Question 2.9: Elastic e^−π^+ Scattering (I) Determine the scattering ampli......
Elastic \mathrm{e}^{-} \pi^{+}Scattering (I)
Determine the scattering amplitude and explain the formal steps necessary to evaluate the cross section.
The graph for \mathrm{e}^{-} \pi^{+}scattering is of the following form (see Fig. 2.19). Most of the above notation is readily understood. Only the factor +\mathrm{i} in the transition current at the electron vertex, which has been denoted by (ie \gamma_{\mu} ), needs additional explanation.
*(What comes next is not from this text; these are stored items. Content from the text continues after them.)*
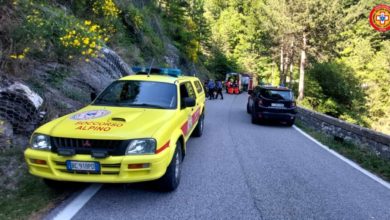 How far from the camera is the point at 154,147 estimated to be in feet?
15.6

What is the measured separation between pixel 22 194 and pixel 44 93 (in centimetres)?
335

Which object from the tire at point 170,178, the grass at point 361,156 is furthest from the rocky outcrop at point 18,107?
the grass at point 361,156

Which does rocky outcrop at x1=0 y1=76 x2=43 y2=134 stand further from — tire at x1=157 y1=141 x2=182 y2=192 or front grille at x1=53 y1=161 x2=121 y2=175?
tire at x1=157 y1=141 x2=182 y2=192

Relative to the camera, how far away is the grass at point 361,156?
7.46 m

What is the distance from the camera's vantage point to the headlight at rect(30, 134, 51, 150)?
478cm

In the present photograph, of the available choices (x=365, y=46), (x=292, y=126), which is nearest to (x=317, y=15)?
(x=365, y=46)

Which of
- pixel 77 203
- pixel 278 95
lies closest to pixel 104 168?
pixel 77 203

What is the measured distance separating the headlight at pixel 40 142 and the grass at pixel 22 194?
71cm

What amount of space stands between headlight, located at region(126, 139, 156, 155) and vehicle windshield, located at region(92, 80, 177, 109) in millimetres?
1605

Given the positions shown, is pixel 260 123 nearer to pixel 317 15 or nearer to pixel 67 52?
pixel 67 52

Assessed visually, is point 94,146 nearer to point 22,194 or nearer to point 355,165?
point 22,194

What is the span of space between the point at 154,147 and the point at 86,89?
18.6 ft

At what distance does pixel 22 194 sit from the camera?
4918 mm

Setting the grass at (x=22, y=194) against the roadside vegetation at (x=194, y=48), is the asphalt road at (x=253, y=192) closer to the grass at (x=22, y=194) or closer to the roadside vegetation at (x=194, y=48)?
the grass at (x=22, y=194) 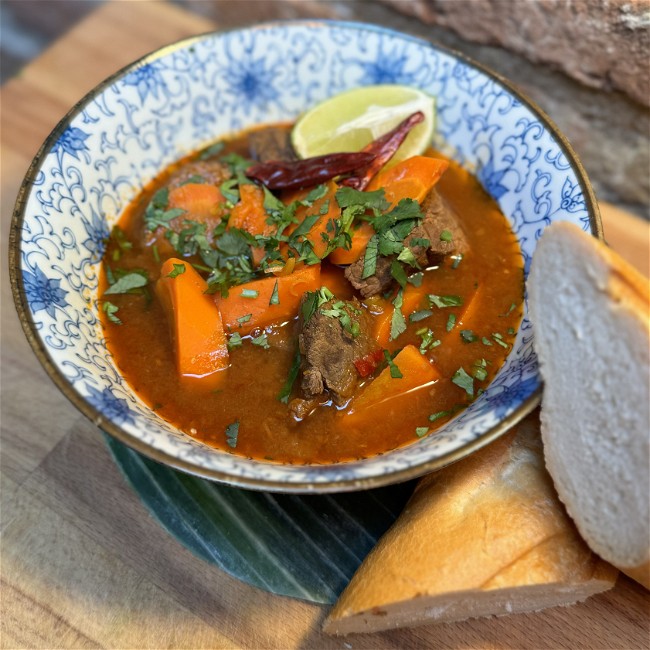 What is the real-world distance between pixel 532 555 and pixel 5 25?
591 centimetres

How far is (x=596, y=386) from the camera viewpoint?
6.74 feet

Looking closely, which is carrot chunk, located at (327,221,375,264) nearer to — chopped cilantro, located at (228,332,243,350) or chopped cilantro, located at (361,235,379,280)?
chopped cilantro, located at (361,235,379,280)

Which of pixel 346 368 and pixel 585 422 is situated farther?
pixel 346 368

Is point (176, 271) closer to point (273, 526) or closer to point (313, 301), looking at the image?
point (313, 301)

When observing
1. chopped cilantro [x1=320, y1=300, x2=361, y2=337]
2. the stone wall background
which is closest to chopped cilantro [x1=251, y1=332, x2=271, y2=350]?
chopped cilantro [x1=320, y1=300, x2=361, y2=337]

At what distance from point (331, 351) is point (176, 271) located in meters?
0.75

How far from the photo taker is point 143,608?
2453mm

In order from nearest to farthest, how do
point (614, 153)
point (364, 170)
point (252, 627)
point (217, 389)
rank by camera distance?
point (252, 627) → point (217, 389) → point (364, 170) → point (614, 153)

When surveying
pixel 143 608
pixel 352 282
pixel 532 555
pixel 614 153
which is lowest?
pixel 143 608

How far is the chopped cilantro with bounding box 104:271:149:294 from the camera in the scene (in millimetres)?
2839

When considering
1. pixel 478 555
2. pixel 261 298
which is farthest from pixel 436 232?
pixel 478 555

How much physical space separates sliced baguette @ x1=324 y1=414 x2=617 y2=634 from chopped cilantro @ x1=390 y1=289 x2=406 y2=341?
23.2 inches

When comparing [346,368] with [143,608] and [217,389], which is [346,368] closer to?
[217,389]

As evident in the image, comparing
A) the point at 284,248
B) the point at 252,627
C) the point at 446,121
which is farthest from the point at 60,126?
the point at 252,627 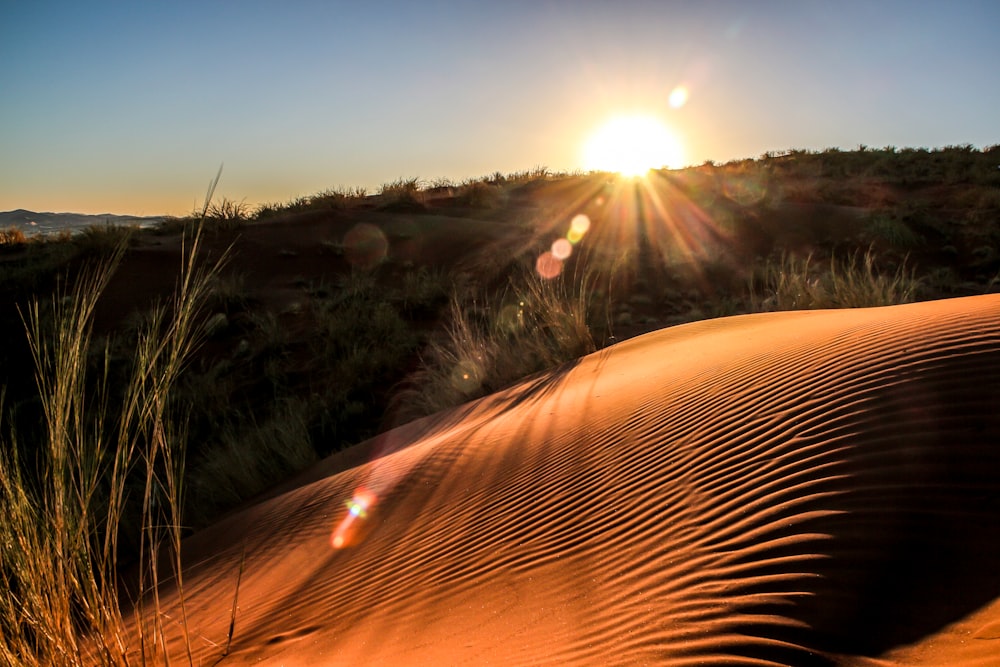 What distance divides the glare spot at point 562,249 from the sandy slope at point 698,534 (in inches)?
463

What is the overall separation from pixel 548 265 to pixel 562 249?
1.44m

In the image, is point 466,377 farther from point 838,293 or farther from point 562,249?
point 562,249

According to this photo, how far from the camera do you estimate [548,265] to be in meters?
15.7

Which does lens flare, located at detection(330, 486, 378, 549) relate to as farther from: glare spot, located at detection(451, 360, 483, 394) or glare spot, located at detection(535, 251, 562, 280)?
glare spot, located at detection(535, 251, 562, 280)

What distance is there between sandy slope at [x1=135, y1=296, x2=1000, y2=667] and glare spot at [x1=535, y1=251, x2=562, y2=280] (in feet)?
33.9

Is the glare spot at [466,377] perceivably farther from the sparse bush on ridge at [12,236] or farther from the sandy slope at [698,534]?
the sparse bush on ridge at [12,236]

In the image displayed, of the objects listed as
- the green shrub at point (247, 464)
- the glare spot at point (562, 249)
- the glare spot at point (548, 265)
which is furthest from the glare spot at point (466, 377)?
the glare spot at point (562, 249)

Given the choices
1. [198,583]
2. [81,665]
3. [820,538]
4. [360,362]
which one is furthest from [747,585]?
[360,362]

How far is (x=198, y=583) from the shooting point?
13.5 ft

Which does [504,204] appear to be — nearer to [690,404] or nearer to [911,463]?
[690,404]

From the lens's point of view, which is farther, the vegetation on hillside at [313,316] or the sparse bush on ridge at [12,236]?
the sparse bush on ridge at [12,236]

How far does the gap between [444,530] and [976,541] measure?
2453mm

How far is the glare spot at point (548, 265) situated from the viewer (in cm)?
1509

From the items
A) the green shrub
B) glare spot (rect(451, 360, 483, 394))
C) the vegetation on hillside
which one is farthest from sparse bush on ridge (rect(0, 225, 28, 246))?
glare spot (rect(451, 360, 483, 394)) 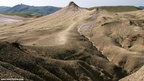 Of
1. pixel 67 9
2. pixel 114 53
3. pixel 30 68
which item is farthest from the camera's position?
pixel 67 9

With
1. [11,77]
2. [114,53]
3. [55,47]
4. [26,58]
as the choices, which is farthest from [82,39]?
[11,77]

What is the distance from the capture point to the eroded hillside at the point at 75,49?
53219 mm

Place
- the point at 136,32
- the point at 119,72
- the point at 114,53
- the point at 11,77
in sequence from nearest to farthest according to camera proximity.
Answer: the point at 11,77, the point at 119,72, the point at 114,53, the point at 136,32

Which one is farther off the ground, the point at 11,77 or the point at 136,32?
the point at 11,77

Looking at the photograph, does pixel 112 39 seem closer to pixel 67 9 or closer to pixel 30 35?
pixel 30 35

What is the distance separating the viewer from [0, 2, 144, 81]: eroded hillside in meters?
53.2

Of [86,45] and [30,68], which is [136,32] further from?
[30,68]

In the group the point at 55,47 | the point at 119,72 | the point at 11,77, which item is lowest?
the point at 119,72

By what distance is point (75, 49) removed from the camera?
83438 mm

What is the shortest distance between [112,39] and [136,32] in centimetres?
1058

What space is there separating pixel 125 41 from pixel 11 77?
6867 centimetres

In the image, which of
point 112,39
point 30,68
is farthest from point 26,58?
point 112,39

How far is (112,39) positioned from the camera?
102 metres

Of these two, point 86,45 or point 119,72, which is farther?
point 86,45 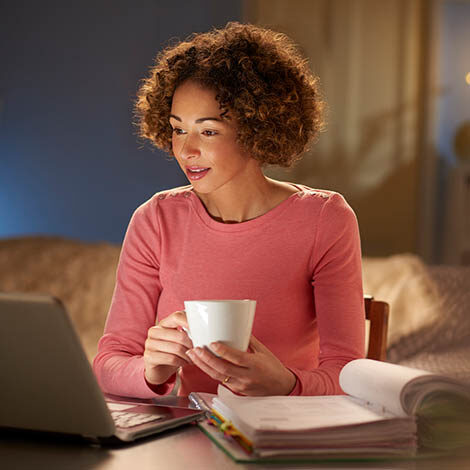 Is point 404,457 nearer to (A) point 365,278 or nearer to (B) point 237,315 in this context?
(B) point 237,315

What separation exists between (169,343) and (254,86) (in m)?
0.54

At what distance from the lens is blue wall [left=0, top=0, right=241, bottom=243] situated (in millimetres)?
3896

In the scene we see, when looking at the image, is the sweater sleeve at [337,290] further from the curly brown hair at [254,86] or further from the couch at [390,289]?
the couch at [390,289]

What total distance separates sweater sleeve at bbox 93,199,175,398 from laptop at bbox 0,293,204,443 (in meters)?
0.41

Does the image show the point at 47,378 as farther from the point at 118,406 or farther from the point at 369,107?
the point at 369,107

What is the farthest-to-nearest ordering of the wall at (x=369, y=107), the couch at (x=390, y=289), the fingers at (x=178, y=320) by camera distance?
the wall at (x=369, y=107) < the couch at (x=390, y=289) < the fingers at (x=178, y=320)

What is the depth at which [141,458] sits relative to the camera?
739mm

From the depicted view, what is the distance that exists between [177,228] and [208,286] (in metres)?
0.15

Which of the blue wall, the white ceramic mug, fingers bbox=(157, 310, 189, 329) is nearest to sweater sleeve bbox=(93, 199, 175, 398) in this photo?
fingers bbox=(157, 310, 189, 329)

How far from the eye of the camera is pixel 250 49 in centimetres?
136

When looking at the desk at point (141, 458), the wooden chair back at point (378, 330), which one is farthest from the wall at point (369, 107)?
the desk at point (141, 458)

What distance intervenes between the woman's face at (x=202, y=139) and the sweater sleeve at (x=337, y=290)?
22 cm

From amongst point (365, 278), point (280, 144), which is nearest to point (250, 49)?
point (280, 144)

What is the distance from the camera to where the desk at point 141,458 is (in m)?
0.71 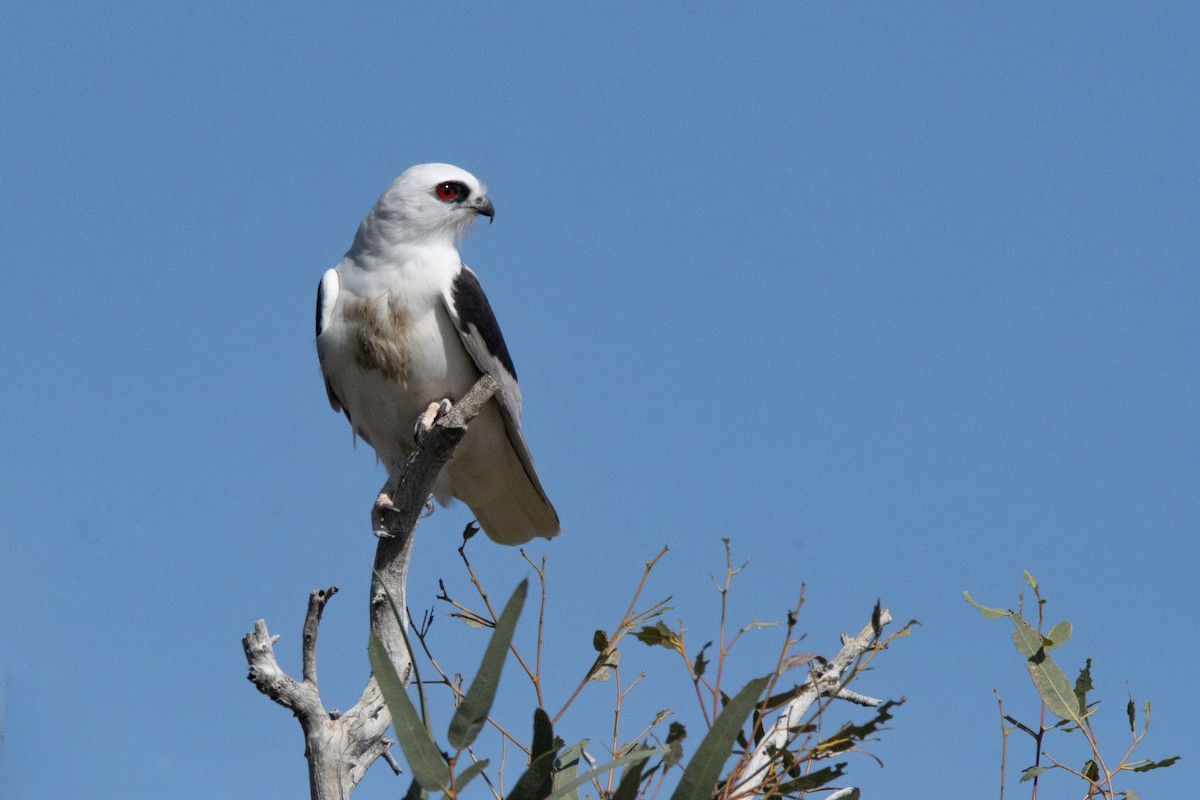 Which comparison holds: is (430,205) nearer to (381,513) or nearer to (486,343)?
(486,343)

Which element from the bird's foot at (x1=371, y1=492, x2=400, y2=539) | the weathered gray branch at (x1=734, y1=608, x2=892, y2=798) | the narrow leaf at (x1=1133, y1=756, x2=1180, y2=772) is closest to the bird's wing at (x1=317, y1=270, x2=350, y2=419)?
the bird's foot at (x1=371, y1=492, x2=400, y2=539)

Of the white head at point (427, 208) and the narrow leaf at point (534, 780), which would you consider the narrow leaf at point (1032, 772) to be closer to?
the narrow leaf at point (534, 780)

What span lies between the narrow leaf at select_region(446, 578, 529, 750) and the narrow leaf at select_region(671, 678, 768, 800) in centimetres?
42

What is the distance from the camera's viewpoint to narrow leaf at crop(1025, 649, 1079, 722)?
2.91 meters

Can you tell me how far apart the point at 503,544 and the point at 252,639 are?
107 inches

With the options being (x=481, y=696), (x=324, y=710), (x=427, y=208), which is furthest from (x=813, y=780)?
(x=427, y=208)

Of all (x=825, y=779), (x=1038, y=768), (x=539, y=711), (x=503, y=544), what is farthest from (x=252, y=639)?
(x=503, y=544)

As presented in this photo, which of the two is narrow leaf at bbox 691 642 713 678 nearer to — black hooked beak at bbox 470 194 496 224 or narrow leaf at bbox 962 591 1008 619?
narrow leaf at bbox 962 591 1008 619

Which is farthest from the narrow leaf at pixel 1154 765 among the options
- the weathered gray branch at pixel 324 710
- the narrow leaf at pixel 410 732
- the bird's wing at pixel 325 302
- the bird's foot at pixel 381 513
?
the bird's wing at pixel 325 302

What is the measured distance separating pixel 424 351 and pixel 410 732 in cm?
351

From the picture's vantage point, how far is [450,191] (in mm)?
6430

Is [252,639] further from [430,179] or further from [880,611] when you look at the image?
[430,179]

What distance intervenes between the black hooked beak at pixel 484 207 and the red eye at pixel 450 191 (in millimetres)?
82

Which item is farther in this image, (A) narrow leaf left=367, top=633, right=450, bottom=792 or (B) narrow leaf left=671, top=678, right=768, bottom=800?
(B) narrow leaf left=671, top=678, right=768, bottom=800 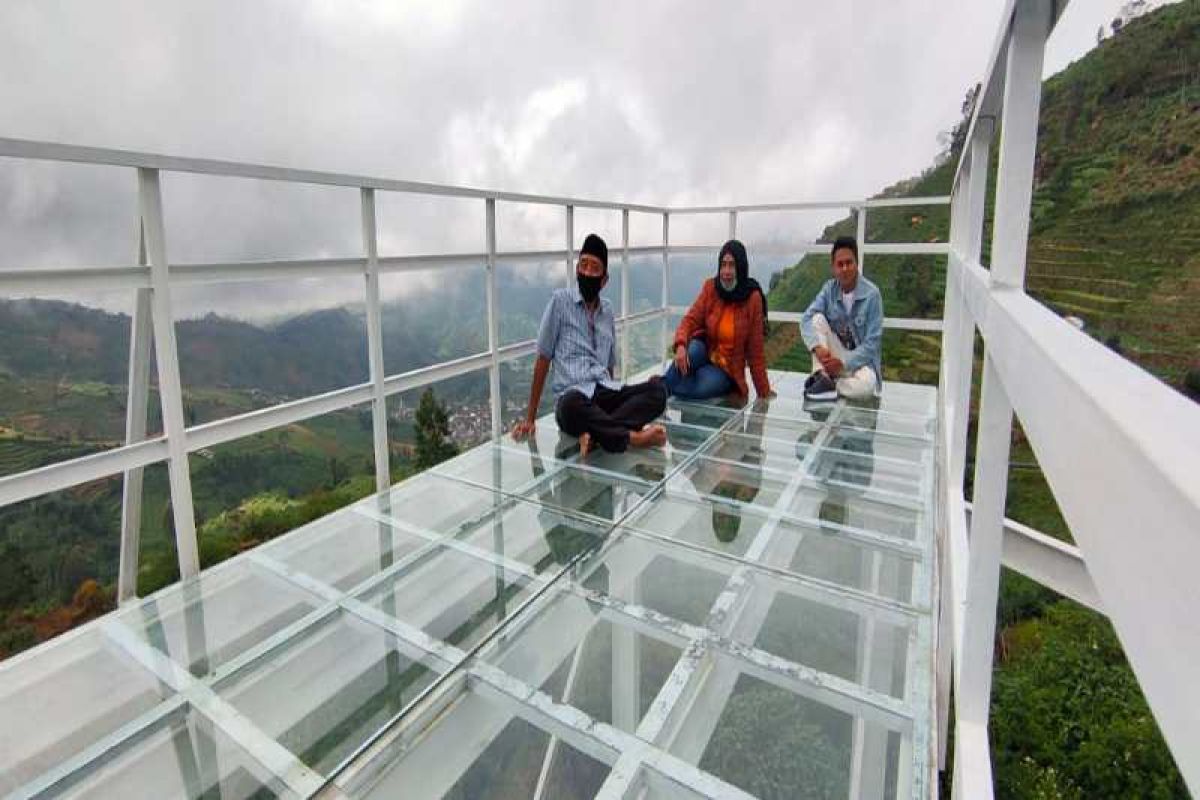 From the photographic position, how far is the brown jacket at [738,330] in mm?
4004

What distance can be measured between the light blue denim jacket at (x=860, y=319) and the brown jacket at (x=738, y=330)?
37cm

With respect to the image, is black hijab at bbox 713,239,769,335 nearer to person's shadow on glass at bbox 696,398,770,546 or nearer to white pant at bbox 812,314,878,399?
white pant at bbox 812,314,878,399

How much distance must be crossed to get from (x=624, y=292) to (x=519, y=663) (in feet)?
11.5

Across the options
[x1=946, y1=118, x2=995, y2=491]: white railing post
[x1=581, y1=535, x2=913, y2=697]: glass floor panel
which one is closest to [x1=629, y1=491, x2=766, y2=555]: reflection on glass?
[x1=581, y1=535, x2=913, y2=697]: glass floor panel

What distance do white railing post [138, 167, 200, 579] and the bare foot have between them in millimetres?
1811

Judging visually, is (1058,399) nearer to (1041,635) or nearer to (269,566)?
(269,566)

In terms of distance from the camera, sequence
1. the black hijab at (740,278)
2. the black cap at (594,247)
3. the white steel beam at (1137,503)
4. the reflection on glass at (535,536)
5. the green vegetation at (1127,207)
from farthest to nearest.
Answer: the black hijab at (740,278), the black cap at (594,247), the reflection on glass at (535,536), the green vegetation at (1127,207), the white steel beam at (1137,503)

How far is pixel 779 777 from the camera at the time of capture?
1274 mm

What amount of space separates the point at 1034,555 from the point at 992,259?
6.25 feet

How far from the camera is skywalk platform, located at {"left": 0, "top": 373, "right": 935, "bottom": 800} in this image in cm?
129

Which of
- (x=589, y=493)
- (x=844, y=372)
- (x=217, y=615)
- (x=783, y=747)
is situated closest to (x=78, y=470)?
(x=217, y=615)

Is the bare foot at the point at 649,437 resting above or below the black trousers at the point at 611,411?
below

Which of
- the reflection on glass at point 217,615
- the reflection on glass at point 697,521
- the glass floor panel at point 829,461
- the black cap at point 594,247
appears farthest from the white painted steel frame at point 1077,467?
the black cap at point 594,247

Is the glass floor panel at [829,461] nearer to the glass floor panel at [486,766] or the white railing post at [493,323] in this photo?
the white railing post at [493,323] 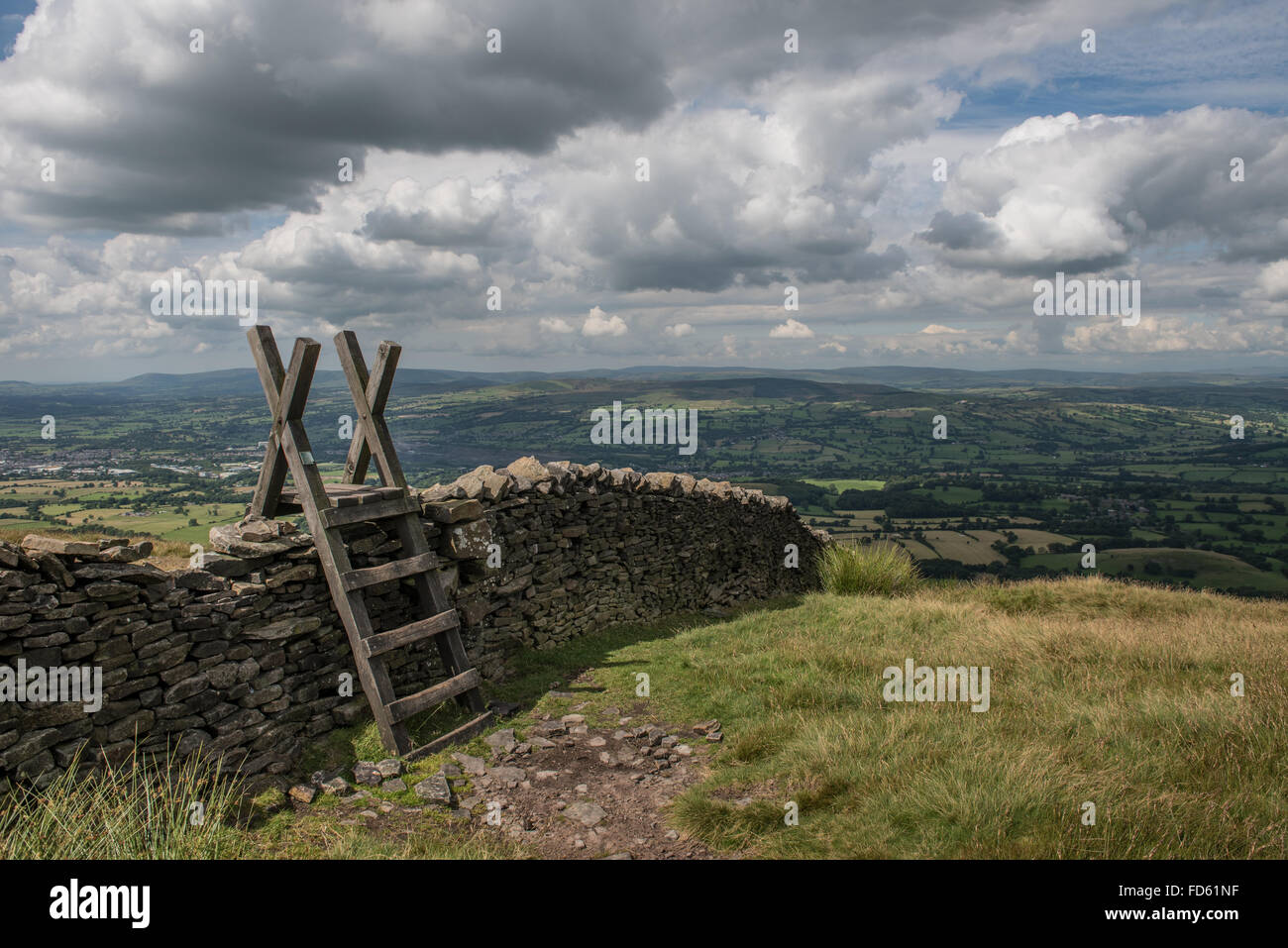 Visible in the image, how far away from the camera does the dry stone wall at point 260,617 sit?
4723 mm

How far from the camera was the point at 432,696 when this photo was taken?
6.54m

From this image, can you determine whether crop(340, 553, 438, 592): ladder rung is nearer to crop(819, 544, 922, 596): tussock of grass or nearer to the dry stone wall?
the dry stone wall

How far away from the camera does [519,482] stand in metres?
9.00

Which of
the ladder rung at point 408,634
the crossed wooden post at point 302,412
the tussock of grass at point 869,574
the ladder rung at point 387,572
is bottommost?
the tussock of grass at point 869,574

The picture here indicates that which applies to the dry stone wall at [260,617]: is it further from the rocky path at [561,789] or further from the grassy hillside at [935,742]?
the rocky path at [561,789]

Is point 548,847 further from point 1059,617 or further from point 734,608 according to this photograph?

Reviewing our knowledge of QED, we start with the scattering amplitude (2.58),
\begin{aligned} S_{\mathrm{fi}}^{(1)} & =-\mathrm{i} \int \mathrm{d}^4 x \Psi_{\mathrm{f}}^{\dagger}\left(\mathrm{e}^{-} ; p^{\prime}, s^{\prime}\right) \hat{V} \Psi_{\mathrm{i}}\left(\mathrm{e}^{-} ; p, s\right) \\ & =-\mathrm{i} \int \mathrm{d}^4 x \Psi_{\mathrm{f}}^{\dagger}\left(\mathrm{e}^{-} ; p^{\prime}, s^{\prime}\right) \gamma^0 \gamma^0 \hat{V} \Psi_{\mathrm{i}}\left(\mathrm{e}^{-} ; p, s\right) \\ & =-\mathrm{i} \int \mathrm{d}^4 x \bar{\Psi}_{\mathrm{f}}\left(\mathrm{e}^{-} ; p^{\prime}, s^{\prime}\right)\left(-e \gamma^\mu A_\mu\right) \Psi_{\mathrm{i}}\left(\mathrm{e}^{-} ; p, s\right) \\ & =-\mathrm{i} \int \mathrm{d}^4 x J^\mu\left(\mathrm{e}^{-}\right) A_\mu, \end{aligned} (2.58)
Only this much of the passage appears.